Das zeigt eine aktuelle Umfrage von Simon-Kucher & Partners zu ESG – also zu den Bereichen Environmental, Social und Governance – auf Deutsch: Umwelt, Soziales und Unternehmensführung. Die Strategieberatung hat dabei rund 1.000 Frauen und Männer in Deutschland zwischen 18 und 70 Jahren befragt.
50 Prozent von ihnen ist es bei künftigen Versicherungskäufen wichtig, dass die Produkte ESG-konform sind. Der Wert ist damit seit der letzten ESG-Umfrage von Simon-Kucher im November um knapp 8 Prozentpunkte gesunken. Auch die Bereitschaft, mehr für ESG-konforme Versicherungsprodukte zu zahlen, ist zurückgegangen. Die entsprechende Zahlungsbereitschaft sank um 5 Prozentpunkte auf 47 Prozent.

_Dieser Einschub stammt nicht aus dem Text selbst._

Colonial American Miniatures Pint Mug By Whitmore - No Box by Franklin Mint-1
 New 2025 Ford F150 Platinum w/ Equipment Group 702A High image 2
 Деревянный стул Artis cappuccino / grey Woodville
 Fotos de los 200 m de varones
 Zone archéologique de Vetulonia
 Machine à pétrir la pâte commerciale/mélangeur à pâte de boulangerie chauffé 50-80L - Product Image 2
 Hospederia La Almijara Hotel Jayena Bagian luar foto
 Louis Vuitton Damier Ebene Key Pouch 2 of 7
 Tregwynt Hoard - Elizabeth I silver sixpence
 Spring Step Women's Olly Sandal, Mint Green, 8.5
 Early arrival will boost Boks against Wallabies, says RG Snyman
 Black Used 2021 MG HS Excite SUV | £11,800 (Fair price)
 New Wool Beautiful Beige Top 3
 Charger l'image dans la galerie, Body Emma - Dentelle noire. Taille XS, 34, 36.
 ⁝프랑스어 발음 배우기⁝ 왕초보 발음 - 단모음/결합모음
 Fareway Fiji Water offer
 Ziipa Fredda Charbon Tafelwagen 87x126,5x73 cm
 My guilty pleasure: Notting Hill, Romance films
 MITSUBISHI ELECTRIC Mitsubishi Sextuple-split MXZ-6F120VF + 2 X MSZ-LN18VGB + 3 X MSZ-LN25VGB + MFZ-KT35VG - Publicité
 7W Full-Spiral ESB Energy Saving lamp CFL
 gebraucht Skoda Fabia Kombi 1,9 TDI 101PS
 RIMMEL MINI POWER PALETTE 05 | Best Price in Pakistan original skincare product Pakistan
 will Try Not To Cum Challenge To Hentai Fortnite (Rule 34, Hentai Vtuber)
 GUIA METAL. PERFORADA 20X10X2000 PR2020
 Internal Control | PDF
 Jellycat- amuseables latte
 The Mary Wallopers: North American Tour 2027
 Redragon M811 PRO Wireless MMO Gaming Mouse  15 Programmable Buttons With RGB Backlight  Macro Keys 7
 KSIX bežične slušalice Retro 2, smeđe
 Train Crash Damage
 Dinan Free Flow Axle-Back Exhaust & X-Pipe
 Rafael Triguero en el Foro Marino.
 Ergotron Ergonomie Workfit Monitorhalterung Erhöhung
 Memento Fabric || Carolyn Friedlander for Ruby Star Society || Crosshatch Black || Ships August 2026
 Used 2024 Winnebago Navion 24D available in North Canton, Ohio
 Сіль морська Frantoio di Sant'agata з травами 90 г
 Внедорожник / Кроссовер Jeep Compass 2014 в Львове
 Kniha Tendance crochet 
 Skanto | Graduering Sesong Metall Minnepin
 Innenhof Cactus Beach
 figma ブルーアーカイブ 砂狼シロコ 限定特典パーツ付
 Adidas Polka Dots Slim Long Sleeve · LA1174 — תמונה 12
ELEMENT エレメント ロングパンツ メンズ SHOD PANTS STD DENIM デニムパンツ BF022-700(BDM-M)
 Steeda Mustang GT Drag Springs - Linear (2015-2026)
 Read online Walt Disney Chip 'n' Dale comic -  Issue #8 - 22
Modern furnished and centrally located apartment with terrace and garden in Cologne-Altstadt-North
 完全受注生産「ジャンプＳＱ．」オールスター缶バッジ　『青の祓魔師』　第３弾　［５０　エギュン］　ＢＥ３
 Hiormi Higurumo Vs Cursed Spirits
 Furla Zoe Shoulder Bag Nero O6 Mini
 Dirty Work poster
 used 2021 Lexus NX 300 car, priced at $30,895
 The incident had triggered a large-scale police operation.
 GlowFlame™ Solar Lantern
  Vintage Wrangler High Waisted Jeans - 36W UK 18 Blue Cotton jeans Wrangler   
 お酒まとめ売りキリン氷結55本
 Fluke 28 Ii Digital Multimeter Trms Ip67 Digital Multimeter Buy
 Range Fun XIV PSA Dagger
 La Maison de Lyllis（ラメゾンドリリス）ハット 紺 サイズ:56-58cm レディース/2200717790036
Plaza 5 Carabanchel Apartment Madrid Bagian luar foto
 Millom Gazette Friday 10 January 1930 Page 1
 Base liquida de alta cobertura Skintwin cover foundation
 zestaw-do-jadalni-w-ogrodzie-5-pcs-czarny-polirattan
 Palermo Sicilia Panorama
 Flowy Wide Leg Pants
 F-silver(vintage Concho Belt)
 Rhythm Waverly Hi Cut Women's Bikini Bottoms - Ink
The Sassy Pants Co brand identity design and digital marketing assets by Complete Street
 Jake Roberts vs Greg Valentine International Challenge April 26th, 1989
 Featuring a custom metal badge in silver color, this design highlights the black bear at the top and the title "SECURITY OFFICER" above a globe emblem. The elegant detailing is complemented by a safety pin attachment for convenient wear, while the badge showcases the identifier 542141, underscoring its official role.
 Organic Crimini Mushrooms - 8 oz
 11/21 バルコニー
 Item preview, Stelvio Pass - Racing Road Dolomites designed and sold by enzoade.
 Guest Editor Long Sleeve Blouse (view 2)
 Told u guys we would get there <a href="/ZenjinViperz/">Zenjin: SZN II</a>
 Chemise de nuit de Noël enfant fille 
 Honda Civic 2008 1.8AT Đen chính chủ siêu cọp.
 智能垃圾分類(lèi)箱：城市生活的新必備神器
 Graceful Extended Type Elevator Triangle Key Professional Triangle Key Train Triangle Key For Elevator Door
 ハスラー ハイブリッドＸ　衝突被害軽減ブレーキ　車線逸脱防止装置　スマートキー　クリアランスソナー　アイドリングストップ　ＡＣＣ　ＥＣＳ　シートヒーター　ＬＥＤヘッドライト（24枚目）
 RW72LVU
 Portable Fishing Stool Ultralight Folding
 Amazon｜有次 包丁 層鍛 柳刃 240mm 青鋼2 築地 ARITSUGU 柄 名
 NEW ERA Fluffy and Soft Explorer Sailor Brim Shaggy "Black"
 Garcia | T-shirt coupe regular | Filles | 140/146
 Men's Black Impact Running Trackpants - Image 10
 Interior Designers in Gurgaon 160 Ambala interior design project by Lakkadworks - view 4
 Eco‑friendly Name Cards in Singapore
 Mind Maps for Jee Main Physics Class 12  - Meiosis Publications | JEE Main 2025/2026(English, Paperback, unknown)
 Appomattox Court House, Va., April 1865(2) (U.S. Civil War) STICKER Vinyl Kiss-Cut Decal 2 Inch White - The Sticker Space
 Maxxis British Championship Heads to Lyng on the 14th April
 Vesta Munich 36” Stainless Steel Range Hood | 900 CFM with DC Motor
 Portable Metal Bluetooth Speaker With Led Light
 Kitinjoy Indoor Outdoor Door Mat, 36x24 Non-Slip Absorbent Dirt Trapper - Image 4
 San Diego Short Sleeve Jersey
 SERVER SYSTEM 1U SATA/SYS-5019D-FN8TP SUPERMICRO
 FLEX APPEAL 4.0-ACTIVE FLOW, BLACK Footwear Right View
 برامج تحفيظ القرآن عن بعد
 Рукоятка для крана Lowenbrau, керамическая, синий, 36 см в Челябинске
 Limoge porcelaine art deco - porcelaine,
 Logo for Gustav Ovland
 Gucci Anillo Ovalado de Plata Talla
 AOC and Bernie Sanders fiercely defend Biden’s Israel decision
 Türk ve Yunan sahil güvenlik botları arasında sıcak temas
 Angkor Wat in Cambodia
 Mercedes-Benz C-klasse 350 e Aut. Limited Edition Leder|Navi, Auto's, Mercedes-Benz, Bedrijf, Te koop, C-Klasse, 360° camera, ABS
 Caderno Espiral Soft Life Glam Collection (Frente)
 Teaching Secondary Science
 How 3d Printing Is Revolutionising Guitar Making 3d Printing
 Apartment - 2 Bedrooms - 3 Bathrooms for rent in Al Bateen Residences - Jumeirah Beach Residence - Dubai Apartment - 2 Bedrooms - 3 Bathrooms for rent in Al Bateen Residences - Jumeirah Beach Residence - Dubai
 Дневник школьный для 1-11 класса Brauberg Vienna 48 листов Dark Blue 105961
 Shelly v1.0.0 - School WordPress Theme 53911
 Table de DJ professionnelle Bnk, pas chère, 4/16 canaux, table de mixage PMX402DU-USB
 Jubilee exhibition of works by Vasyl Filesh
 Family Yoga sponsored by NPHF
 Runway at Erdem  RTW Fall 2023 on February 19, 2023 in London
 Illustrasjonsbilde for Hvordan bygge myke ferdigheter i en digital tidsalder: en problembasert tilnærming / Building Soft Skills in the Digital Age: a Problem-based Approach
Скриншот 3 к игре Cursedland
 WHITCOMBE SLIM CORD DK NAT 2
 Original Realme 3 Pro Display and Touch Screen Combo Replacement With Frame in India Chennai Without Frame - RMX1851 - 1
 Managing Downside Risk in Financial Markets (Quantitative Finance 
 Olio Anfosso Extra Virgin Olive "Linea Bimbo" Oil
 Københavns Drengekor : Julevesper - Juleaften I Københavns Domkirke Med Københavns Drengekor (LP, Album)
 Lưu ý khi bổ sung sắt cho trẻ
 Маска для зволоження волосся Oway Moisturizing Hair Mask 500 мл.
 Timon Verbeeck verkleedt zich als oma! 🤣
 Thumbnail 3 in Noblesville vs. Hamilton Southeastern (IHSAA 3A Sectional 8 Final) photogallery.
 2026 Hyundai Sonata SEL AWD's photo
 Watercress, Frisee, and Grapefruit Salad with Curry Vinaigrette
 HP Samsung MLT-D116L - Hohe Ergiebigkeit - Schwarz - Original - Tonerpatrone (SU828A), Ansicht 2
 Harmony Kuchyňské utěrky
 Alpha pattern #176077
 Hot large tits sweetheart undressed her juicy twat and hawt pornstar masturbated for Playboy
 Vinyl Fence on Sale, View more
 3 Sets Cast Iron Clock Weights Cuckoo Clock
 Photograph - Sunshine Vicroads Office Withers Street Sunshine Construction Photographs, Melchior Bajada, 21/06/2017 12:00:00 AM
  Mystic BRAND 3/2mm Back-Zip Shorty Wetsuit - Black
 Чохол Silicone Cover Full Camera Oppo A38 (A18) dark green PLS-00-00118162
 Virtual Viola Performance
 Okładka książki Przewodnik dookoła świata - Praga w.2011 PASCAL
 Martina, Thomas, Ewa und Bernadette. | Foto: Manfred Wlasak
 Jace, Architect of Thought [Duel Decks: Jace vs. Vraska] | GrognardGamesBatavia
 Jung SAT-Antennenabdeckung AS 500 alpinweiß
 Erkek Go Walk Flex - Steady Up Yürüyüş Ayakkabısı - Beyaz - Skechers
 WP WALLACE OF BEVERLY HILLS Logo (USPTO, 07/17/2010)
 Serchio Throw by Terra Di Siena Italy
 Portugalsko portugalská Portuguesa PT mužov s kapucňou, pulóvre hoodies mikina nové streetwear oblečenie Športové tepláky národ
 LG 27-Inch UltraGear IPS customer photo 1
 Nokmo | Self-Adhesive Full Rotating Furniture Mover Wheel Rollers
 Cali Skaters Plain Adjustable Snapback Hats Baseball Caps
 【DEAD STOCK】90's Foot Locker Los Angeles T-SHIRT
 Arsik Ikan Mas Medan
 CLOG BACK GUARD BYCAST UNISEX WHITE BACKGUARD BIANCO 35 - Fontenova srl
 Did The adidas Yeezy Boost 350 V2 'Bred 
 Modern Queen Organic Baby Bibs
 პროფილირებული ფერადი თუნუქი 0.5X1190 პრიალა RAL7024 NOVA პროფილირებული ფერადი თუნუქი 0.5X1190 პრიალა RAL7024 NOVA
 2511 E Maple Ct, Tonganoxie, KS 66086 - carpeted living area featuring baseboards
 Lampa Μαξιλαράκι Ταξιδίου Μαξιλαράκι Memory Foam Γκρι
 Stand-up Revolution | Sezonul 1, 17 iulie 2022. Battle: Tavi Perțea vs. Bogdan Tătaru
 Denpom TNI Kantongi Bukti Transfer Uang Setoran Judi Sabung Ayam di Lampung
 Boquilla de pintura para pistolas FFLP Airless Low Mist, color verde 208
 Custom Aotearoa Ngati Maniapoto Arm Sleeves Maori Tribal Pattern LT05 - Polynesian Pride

ESG bleibt für die Versicherungsbranche wichtiges Thema
Können es sich Versicherer deshalb leisten, das Thema ESG zu vernachlässigen? "Auf keinen Fall", befindet Dirk Schmidt-Gallas, Senior-Partner und Leiter der Versicherungs-Practice bei Simon-Kucher:
Der Trend zu ESG und mehr Nachhaltigkeit ist für die Versicherungsbranche weiterhin von großer Bedeutung.
Auch wenn der Trend infolge der aktuellen Krisen einen Dämpfer erfahre, bieten zum Beispiel ESG-konforme Produkte, nachhaltige Vertriebsmodelle und verifizierte Partner für die Schadensregulierung nach wie vor die Möglichkeit, Kunden, denen ESG am Herzen liegt, an sich zu binden, so Schmidt-Gallas. Die Sensibilität für diese Themen ist noch immer hoch.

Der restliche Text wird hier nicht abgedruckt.